Pictures are to be left out, and the rest of the records reproduced exactly.
_ _ _ _ _ _ _
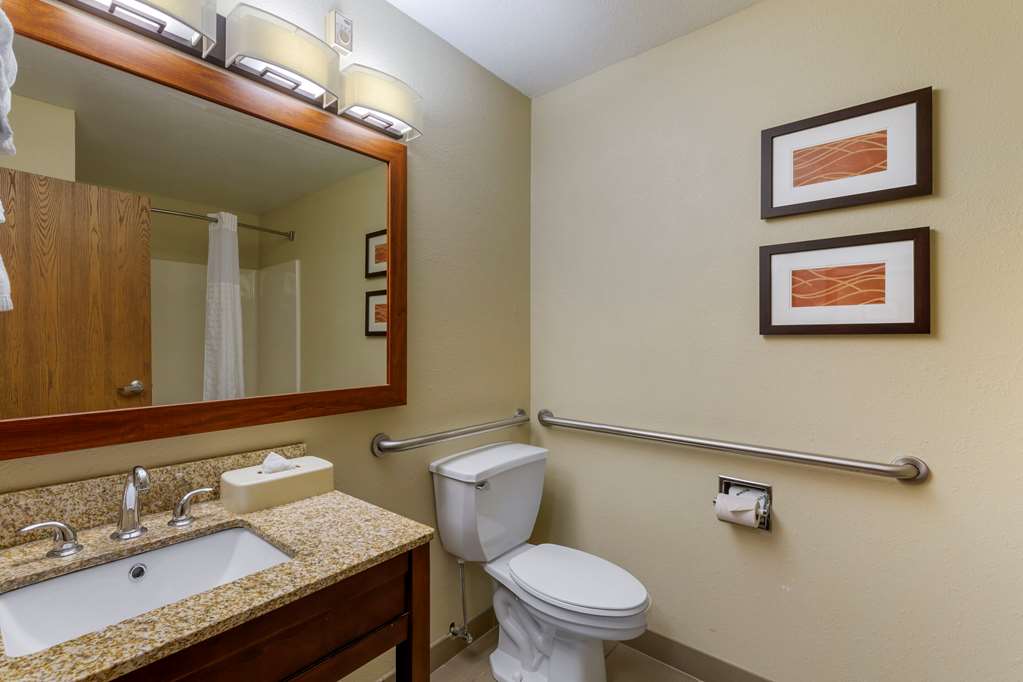 Comfort Inn River's Edge - photo 14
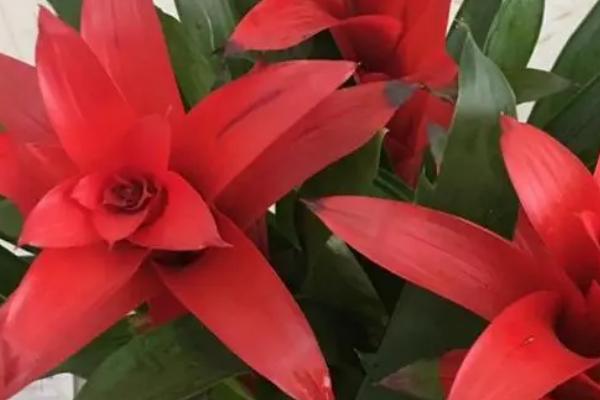 如何分离鸿运当头的侧芽,可用经过消毒的剪刀将侧芽连带根系一起剪下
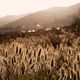 Abendstimmung in Sardinien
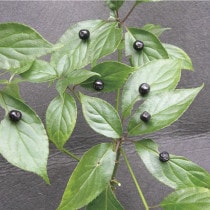 �ڼ��ڡۥϥʥ�����������1���᥹2�����å�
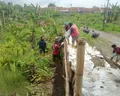 Respons Dampak Hujan Ekstrem di Wilayah Tembalang, Pemkot Semarang Gerak Cepat Perkuat Tanggul Kali Babon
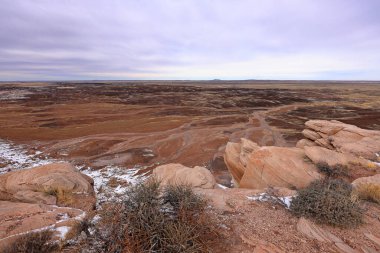 Taşlaşmış Orman Ulusal Parkı, Arizona, ABD 'de birçok taşlaşmış ağaç gövdesi ve fosili olan doğal bir cazibe merkezi..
_ _ _ _ _ _ _
Answer for the task>
 Comfort Inn River's Edge - photo 14
 如何分离鸿运当头的侧芽,可用经过消毒的剪刀将侧芽连带根系一起剪下
 Abendstimmung in Sardinien
 �ڼ��ڡۥϥʥ�����������1���᥹2�����å�
 Respons Dampak Hujan Ekstrem di Wilayah Tembalang, Pemkot Semarang Gerak Cepat Perkuat Tanggul Kali Babon
 Taşlaşmış Orman Ulusal Parkı, Arizona, ABD 'de birçok taşlaşmış ağaç gövdesi ve fosili olan doğal bir cazibe merkezi..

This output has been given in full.